▶ _Requirement_: From the material below, retype exactly the lines that begin at the line with "2015 Iditarod'da köpek takım" and end after the line with "Crassula ericoides (Crassula ericoides)"; pictures stay out of the copy.

▶ _Recorded data_:
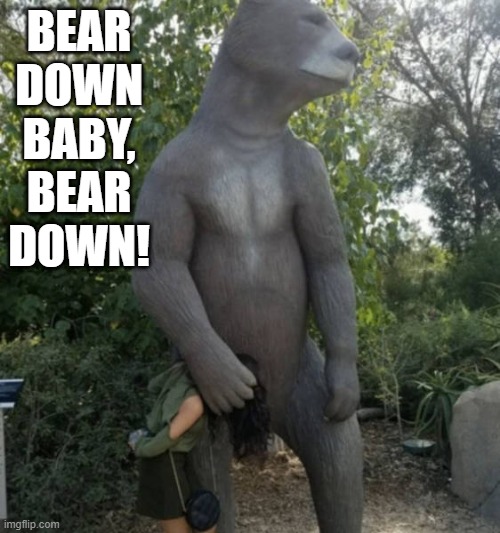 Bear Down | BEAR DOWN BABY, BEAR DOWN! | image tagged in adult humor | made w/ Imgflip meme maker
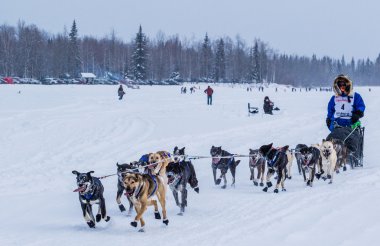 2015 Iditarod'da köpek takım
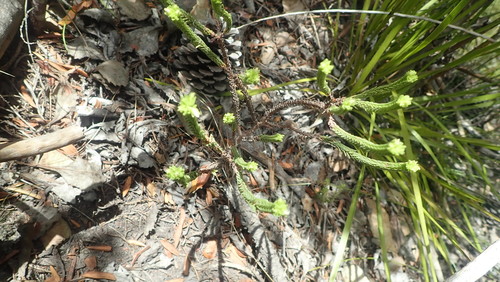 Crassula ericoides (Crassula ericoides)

--

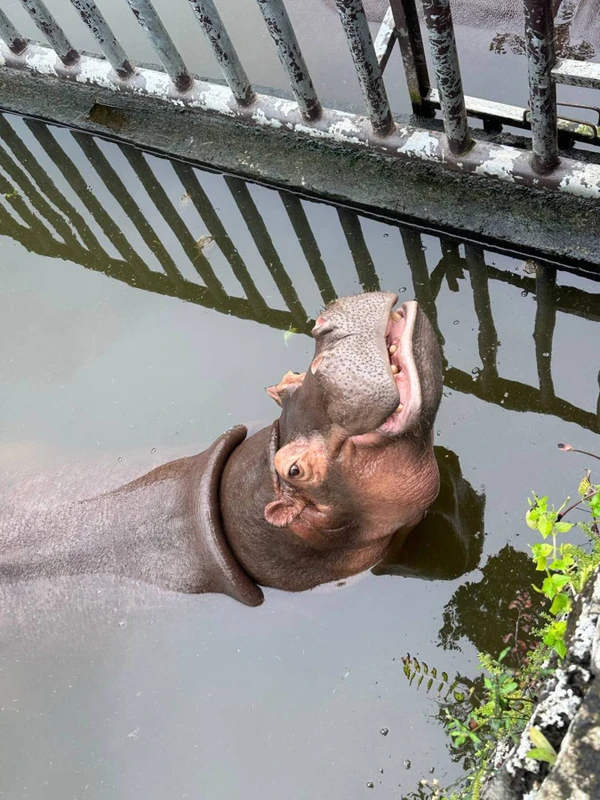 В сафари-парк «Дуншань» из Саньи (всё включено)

▶ _Response to the task_:
 2015 Iditarod'da köpek takım
 Crassula ericoides (Crassula ericoides)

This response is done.